While I do agree with a great deal of the content of the article, I do not buy into your subsequent point. Sure it would be a good thing to be able to present some «Probability that I can guess X=A or X=B correctly in an ABX trial with these two samples, is in [range]», but I guess that we are better of with a slightly lesser ambition for the TOS#8 rule.

The «purpose» of TOS#8 is of course up to interpretation, so here is mine: To get rid of unfounded statements. At least a certain kind of them, namely those which claim some kind of audible difference (usually a «better than»-statement). Enter ABX: if you cannot tell the difference in a blind setting, then your statement concerning the audible differences, is unfounded. Ideally, we would want to measure whether your statements are true, but we don't do that -- if you pass the «I can tell the difference» test, then you are free to speak all kinds of nonsense about what the difference is.


And then comes the interpretation of an ABX session. Again, we would like to test whether the statements are true, but again, we settle for a lower level of ambition: how often would the coin outperform you at identifying? We set a certain standard for this.


Quote
Using too many tests will always produce good p-value.


If you do guess better than the coin, it does. And this is an issue if we are worried about a case where journalist boosts a small and unimportant difference into a «Scientists say there is no shadow of doubt anymore: A is different from B» headline. But that is luxury.
Title: Minimum number of required ABX trials
Post by: saratoga on 2012-01-12 22:15:58
From a complete newbie perspective: It could have been handled in a more friendly fashion but someone has to point out the flaws in the methodology of the test early for the person to go on and do more useful tests for the community. You catch more flies with honey sure, but if you child is holding their pencil wrong when writing their letters you correct them early before the habit forms. You then make sure they get a real good patting on the head any time you see them doing it correctly though. Perhaps the user should have been told how to do it correctly for two samples and then given a lot of praise for doing it right when they came back with their results?


I think we were pretty friendly in general, its just that by the time the OP told anyone what he was doing he had already made up his mind and it was too late to help him come up with a better test.  IMO it wasn't until I pointed out that he had gone 5 out of 5 trials the wrong way on one test that he started to realize what ABX testing was supposed to do, and by then he was frustrated at the wasted effort and just gave up. 

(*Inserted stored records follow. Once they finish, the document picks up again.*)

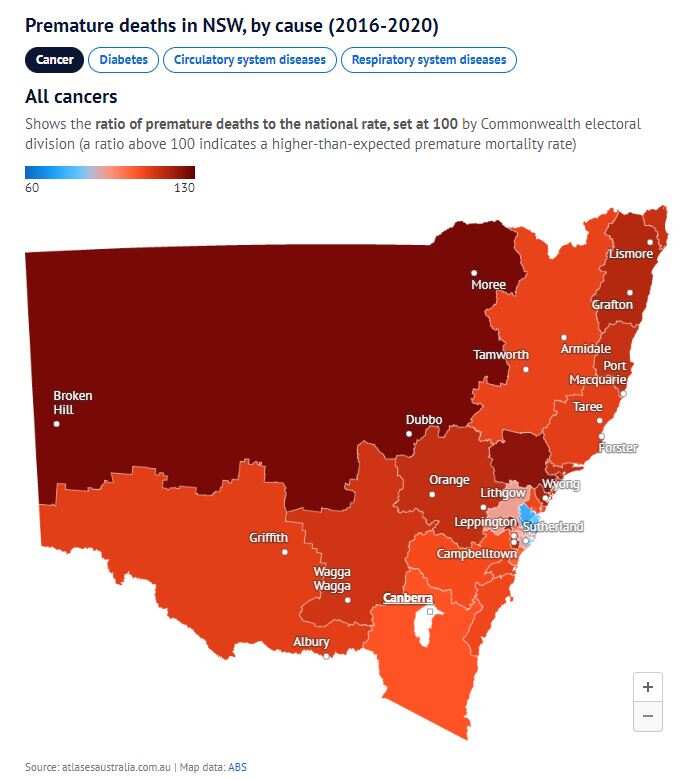 Premature deaths in NSW, by cause (2016-2020)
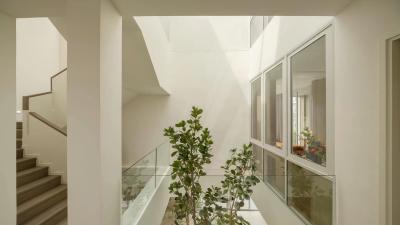 Modern staircase with natural lighting and glass balustrades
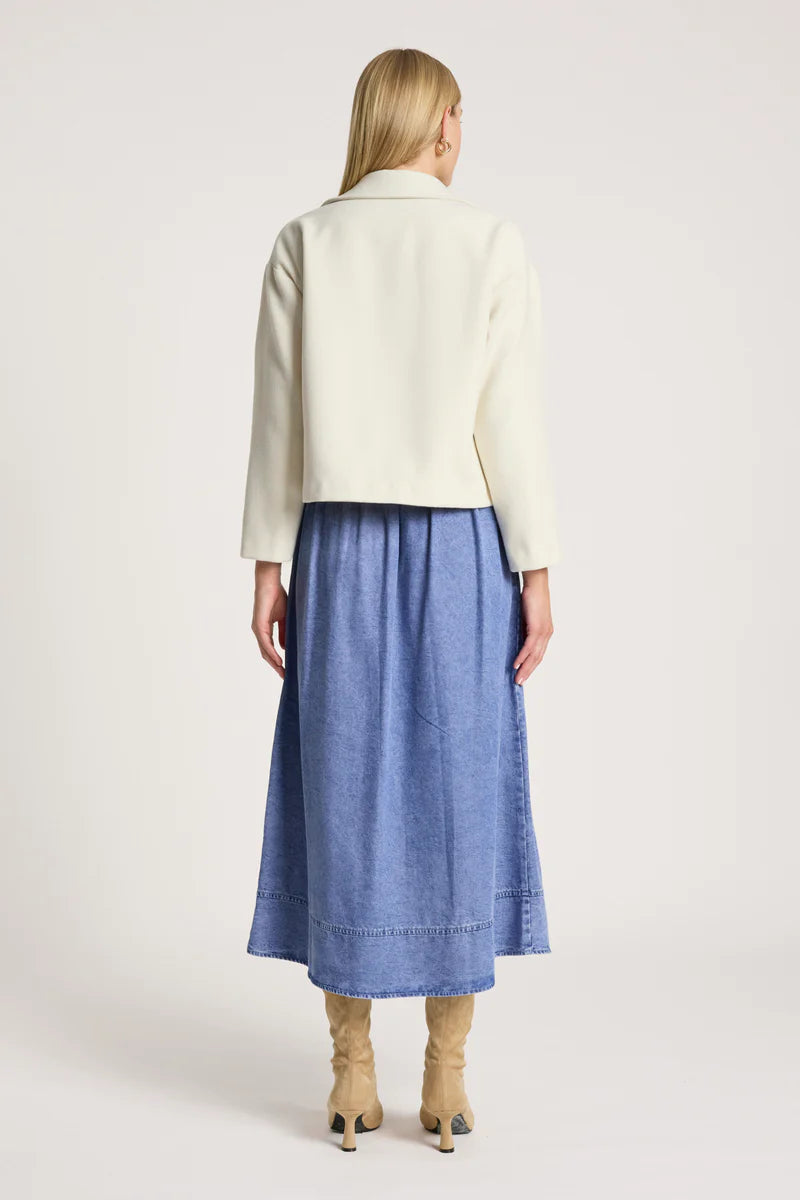 woman wearing Wanderer Crop Jacket in Ecru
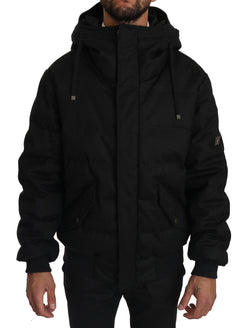 Black Wool DG Crown Hooded Winter Puffer Jacket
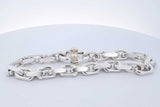 Tiffany & Co. Makers Sterling Silver Link 18k Bracelet 57.7g 9 Inch Eb0626rxzde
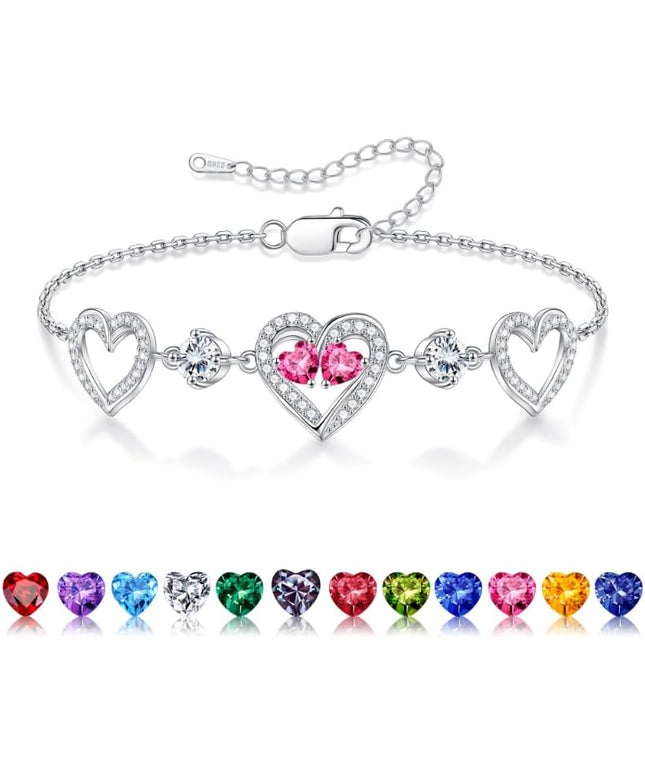 Iefil Valentines Day Gifts for Her - 925 Sterling Silver Heart Birthstone Bracelet Birthday Anniversary Jewelry Gifts for Her Wife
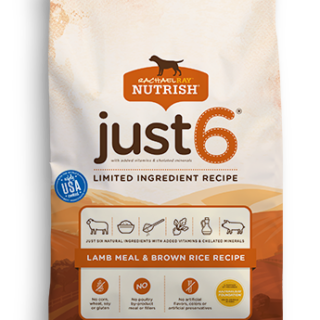 Rachael Ray Nutrish Just 6 Natural Lamb Meal & Brown Rice Limited Ingredient Recipe Dry Dog Food 12.7kg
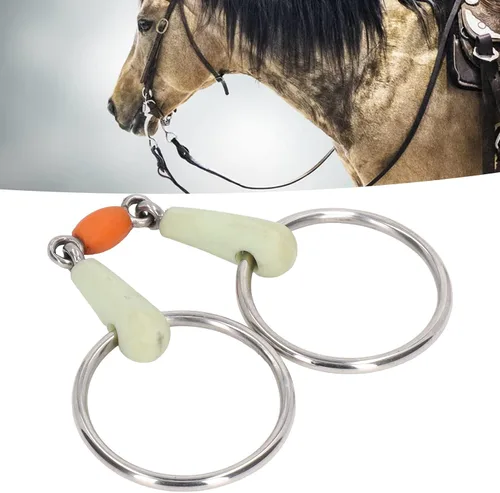 Vista 5 de Pilipane Broca ovalada de acero inoxidable, multiuso para aro, entrenamiento al aire libre, suelta para aro, caballo para aro de boca articulada
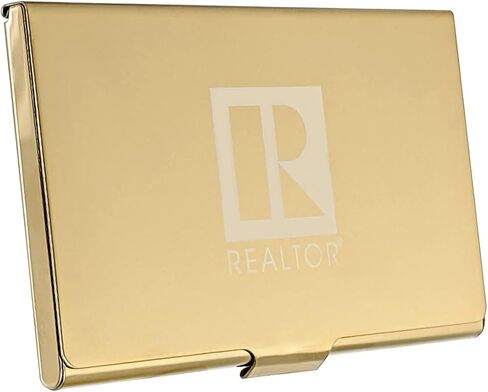 Metal Business Card Holder Laser Engraved with Realtor Logo (Gold) in Kuwait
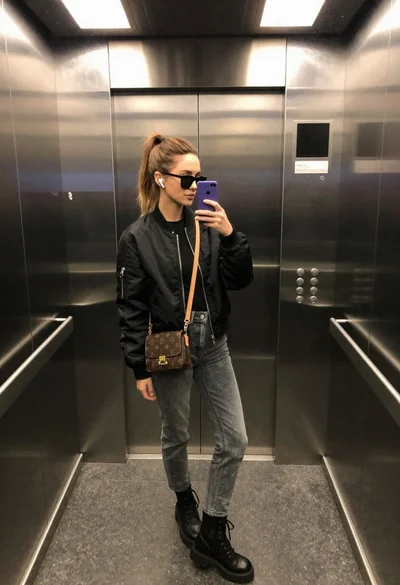 Young woman taking mirror selfie inside modern elevator with stylish outfit
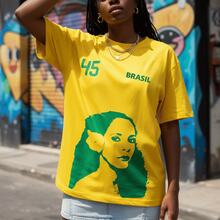 Brazilian Popular Music (MPB) Classics T-Shirt, Fan Style, 100% Cotton, Premium Print - 黃色 - 加爾.科斯塔 - 查看 2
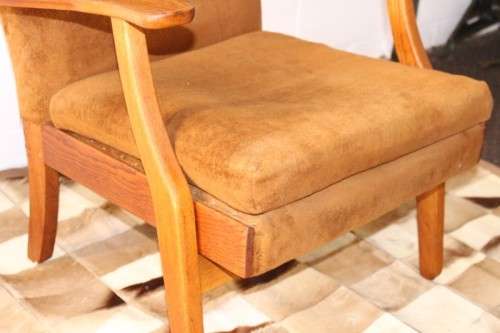 **RS17** Wonderful vintage mid-century solid oak retro-brown period-upholstered wing back armchair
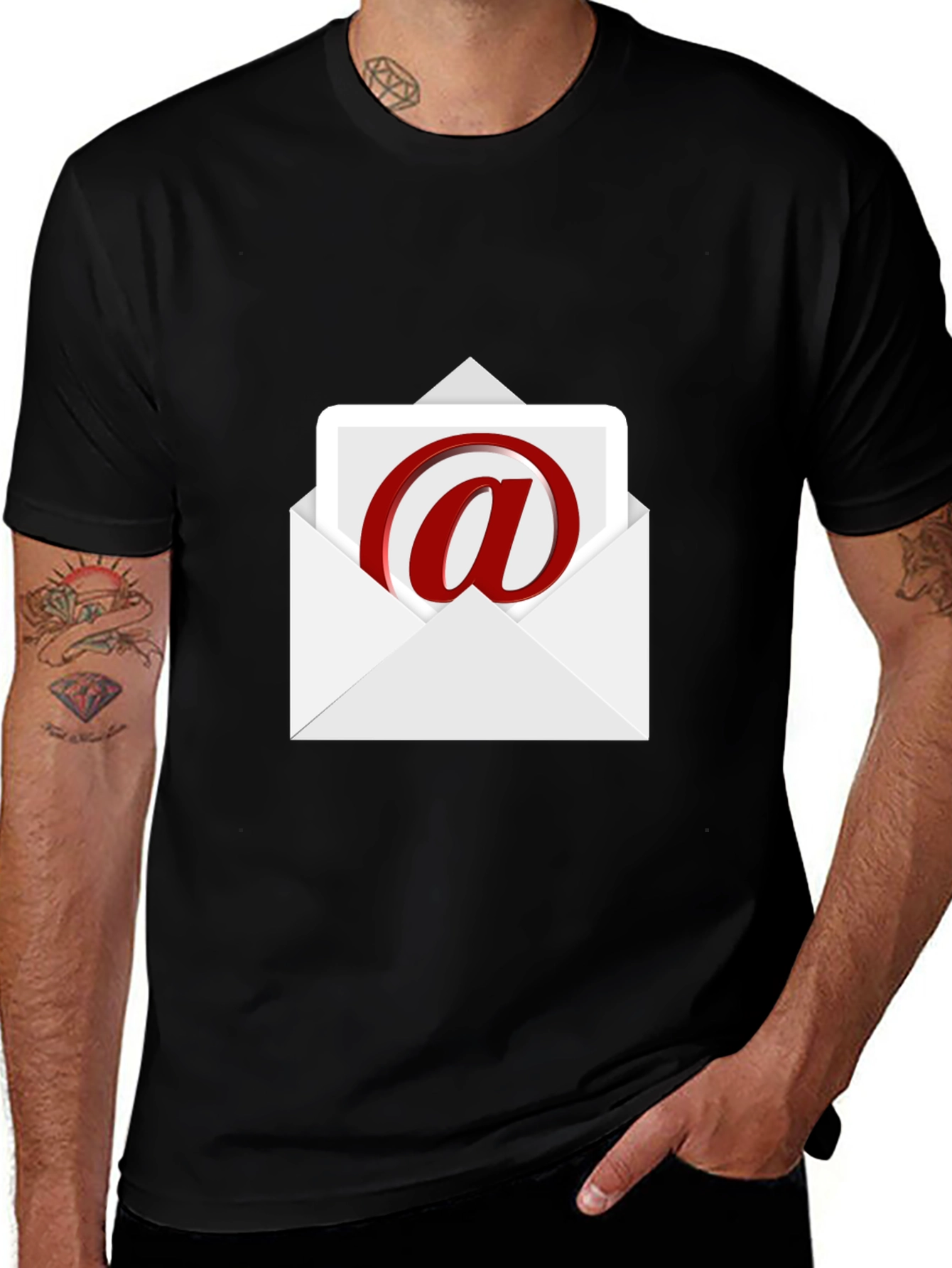 Email @ Symbol Graphic Tee - Black Cotton T-Shirt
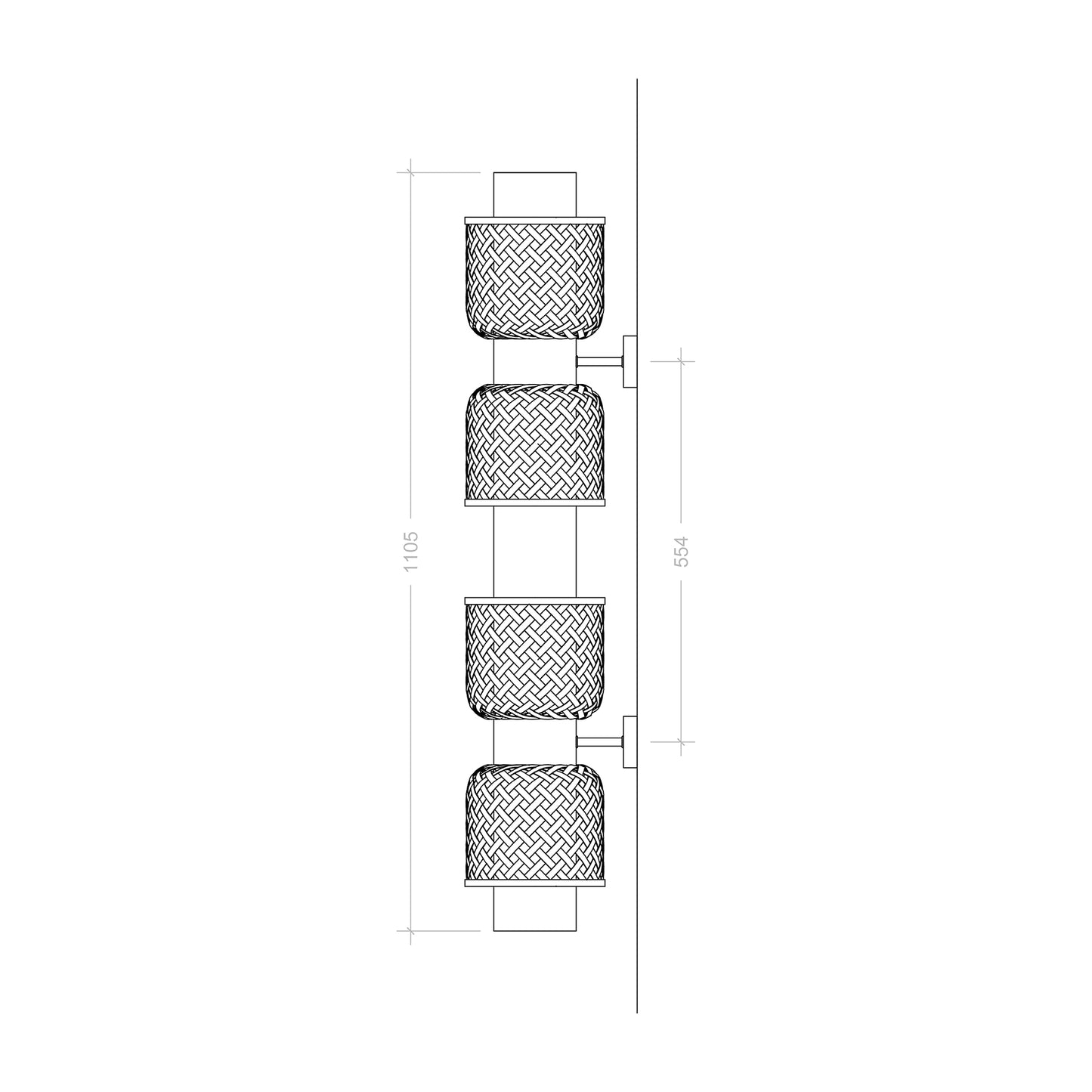 Metamorphosis Linear Wall Lamp Sconce DD: Handmade Bamboo Lighting for Cafe Corner Decor [107.5cm/42in(L) x 20cm/8in(H)]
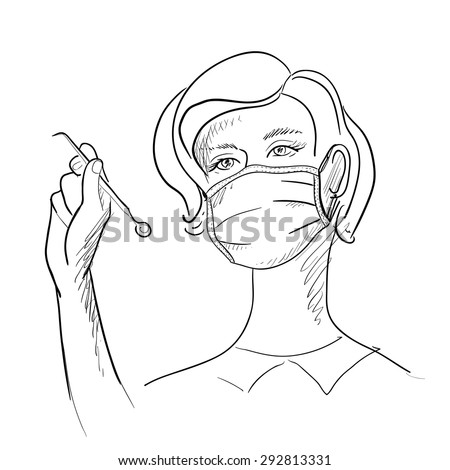 Vector Illustration Sketch Dentist Mask Holding Stock Vector 292813331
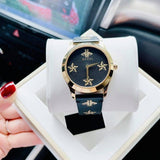 Buy Shop Gucci G Timeless Bee Motif Black Dial Black Leather Strap Watch For Women - YA1264055 USA Online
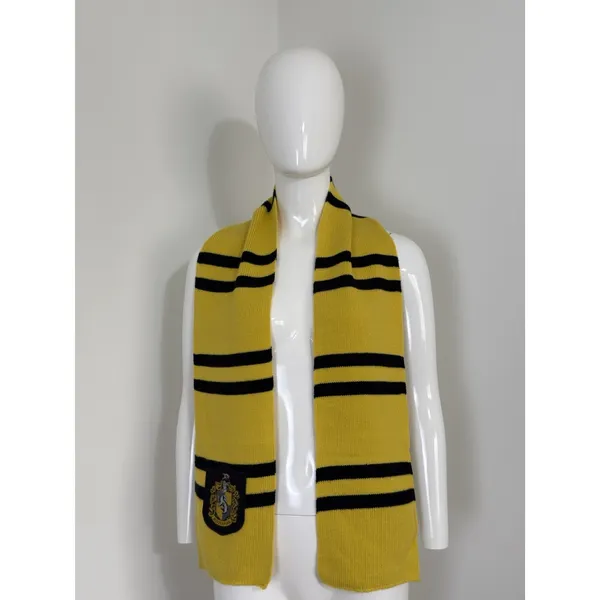 Harry Potter Wizarding World Hufflepuff Knit Scarf Black Yellow Unisex - Image 3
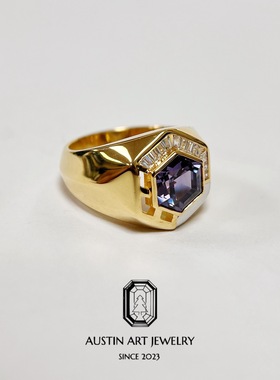 AUSTIN翱森·原创几何设计不规则男戒 培育变色蓝宝石 银镀22K金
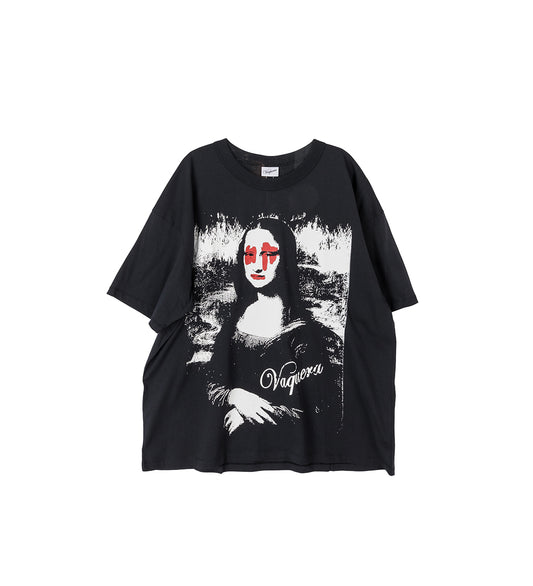 MONA LISA W/DIAMONDS OVERSIZED T-SHIRT FADED BLACK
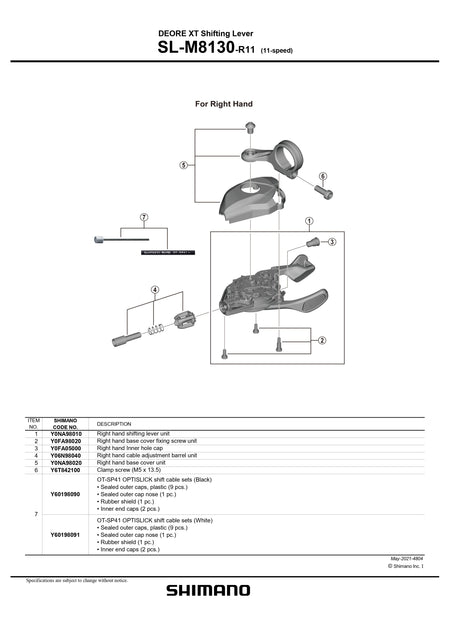 SHIMANO Deore XT SL-M8130-R Linkglide Rapidfire Plus Trigger Shifters 11-Speed-Pit Crew Cycles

Of course, since it wasn't just the OP, but also some experienced posters in this thread who misunderstood how ABX testing should work, perhaps our documentation needs to be made more accessible.  I'm not exactly sure how that should be done though.  I'm hesitant to put up guides to doing tests that imply that there is an absolute right way to do testing.  Maybe some examples of sound test setups for comparing different codecs on a problem sample would help people understand though.  I get the feeling that the wall of text on most of our links discourages people.
Title: Minimum number of required ABX trials
Post by: nesf on 2012-01-13 00:59:27
A Dummies guide for doing some basic two sample and three sample tests might be an idea discussing options about number of tests and such and showing how the number required changes as you add samples. My stats knowledge is more regressions and similar stuff so this isn't something I know a lot about so this thread is quite interesting for me.

I wasn't saying ye were unfriendly more that if you want to convert people like the OP you might need adopt cult like levels of friendliness.